We will continue to collaborate with stakeholders and HEFCW, as well as the Commission for Tertiary Education and Research (CTER) once established, to ensure a coherent approach to further developments across the post-16 sector. 

The scope of this action plan does not extend to abuse of power by employees within educational settings. However, the VAWDASV Blueprint is an action plan that draws together different organisations to jointly deliver a whole system approach to address key objectives including a focus on workplace harassment. Other workstreams will focus on gender-based harassment in all public spaces, and sustainable commissioning.
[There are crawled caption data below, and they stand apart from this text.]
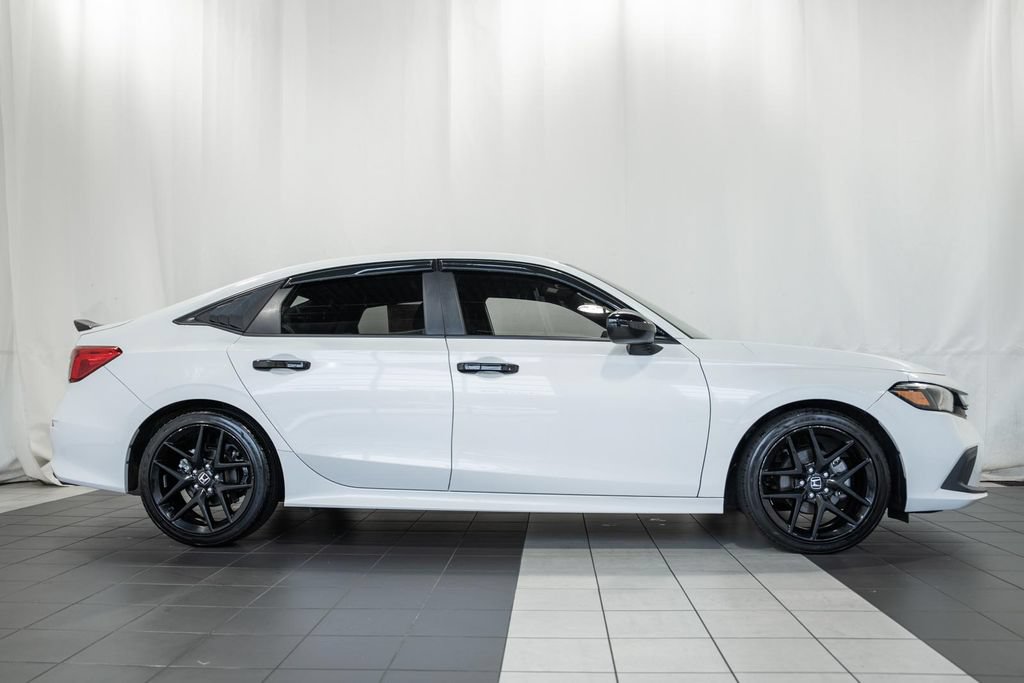 Used 2024 Honda Civic Sport image 3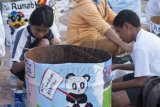 Sejumlah pelajar mengikuti lomba lukis tong sampah, saat pencanangan Gerakan Kalesang (Peduli) Sampah oleh Pemerintah Kota (Pemkot) Ambon di Lapangan Merdeka Ambon, Maluku, Jumat (13/3). Gerakan Kalesang Sampah dicanangkan pemerintah kota untuk ikut mensukseskan Tahun Wisata Mengente (Berkunjung) Ambon 2015, yang puncaknya bertepatan dengan HUT Kota Ambon pada 7 September nanti. ANTARA FOTO/Embong Salampessy/ss/mes/15.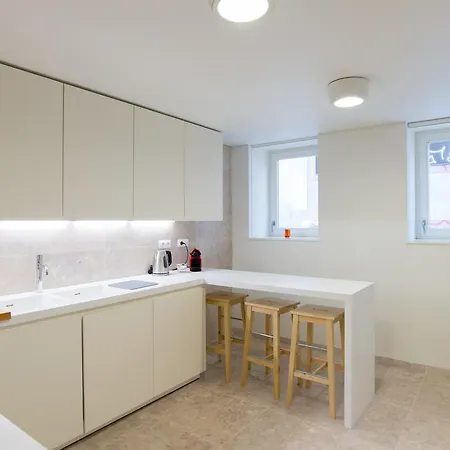 Feels Like Spacious Terrace Flat Near Marques アパート *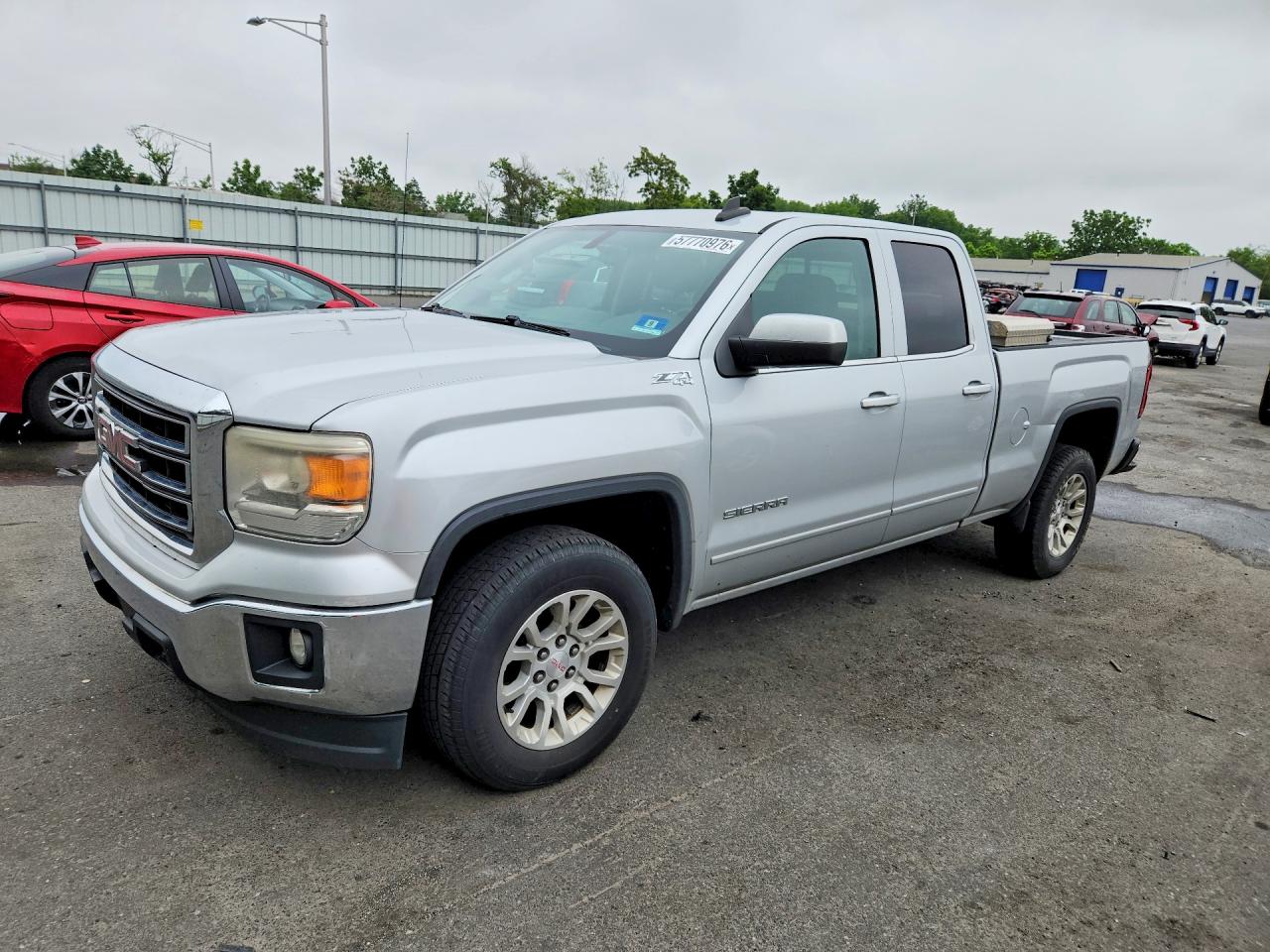 2015 GMC Sierra 1500 SLE, VIN 1GTV2UECXFZ409170 — Minor dents and scratches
Sustainable commissioning involves looking at:

  • whole-system approach
  • prevention and tackling perpetration
  • the needs of older people
  • the needs of children and young people

Within the governance structure, the team will be cognisant of the lessons to be learned from other areas such as the blueprints already created for Youth Justice and Female Justice as well as in other cross-cutting policy.

Vision

  • Children and young people can recognise the characteristics of safe, healthy relationships and understand how healthy relationships are vital for a healthy body and mind.
  • Children and young people develop the skills to form, nurture and maintain healthy relationships based on autonomy, equity and respect.
  • Children and young people recognise the rights of themselves and others to be treated with fairness, kindness, compassion and empathy, and those rights are respected.
  • Children and young people in Wales grow up free from damaging and limiting ideas around gender roles, power, control and coercive behaviour and are given the tools to be empowered to call out unacceptable behaviours when safe to do so.
  • All children and young people are given the message that their voice, views and experiences are valued and taken seriously by adults and all avenues of reporting sexual harassment are welcomed, including online.
  • Adults role model appropriate behaviour and are empowered to support children and young people’s rights to equality, information and safety.
  • Education settings understand their roles and responsibilities in ensuring that all children and young people have access to a safe learning environment in which they are comfortable, where peer-on-peer sexual harassment is challenged and addressed.

Background

In response to the testimonies on the Everyone’s Invited platform, the Minister for Education and Welsh Language commissioned Estyn to undertake a thematic review into culture and processes in secondary schools (www.estyn.gov.wales) to help protect and support young people better. Key findings to emerge were that:

  • around half of all pupils say they have personal experience of peer-on-peer sexual harassment and three-quarters of all pupils report seeing other pupils experiencing this
  • nearly all pupils understand how peer-on-peer sexual harassment can have a negative impact on young people’s emotional and mental health
  • a majority of female pupils (61%) report having personal experience of peer-on-peer harassment and many (82%) report seeing others experience it, compared with (respectively) 29% and 71% of male pupils
  • according to pupils, there are only a few secondary schools who always deal well with incidences of negative or sexist attitudes when they are made aware of them

Subsequently, Estyn was commissioned to undertake a further thematic review, focusing on peer-on-peer sexual harassment among 16 to 18-year-old learners in further education (www.estyn.gov.wales). Key findings were that:

  • colleges have well-established learner disciplinary policies and processes and most deal effectively with the most serious reported cases of alleged peer-on-peer sexual harassment
  • although specific training sessions on addressing sexual harassment held by some colleges have helped staff to recognise incidents and address them appropriately, many staff still lack confidence in dealing with incidents and feel there is a need for more professional development as well as further education-specific resources to support them
  • learners identifying as female, LGBTQ+ or as having an ALN may be more likely to experience sexual harassment, which can involve a mix of face-to-face and online issues

In December 2021, the CYPE Committee commenced its inquiry into peer-on-peer sexual harassment (business.senedd.wales).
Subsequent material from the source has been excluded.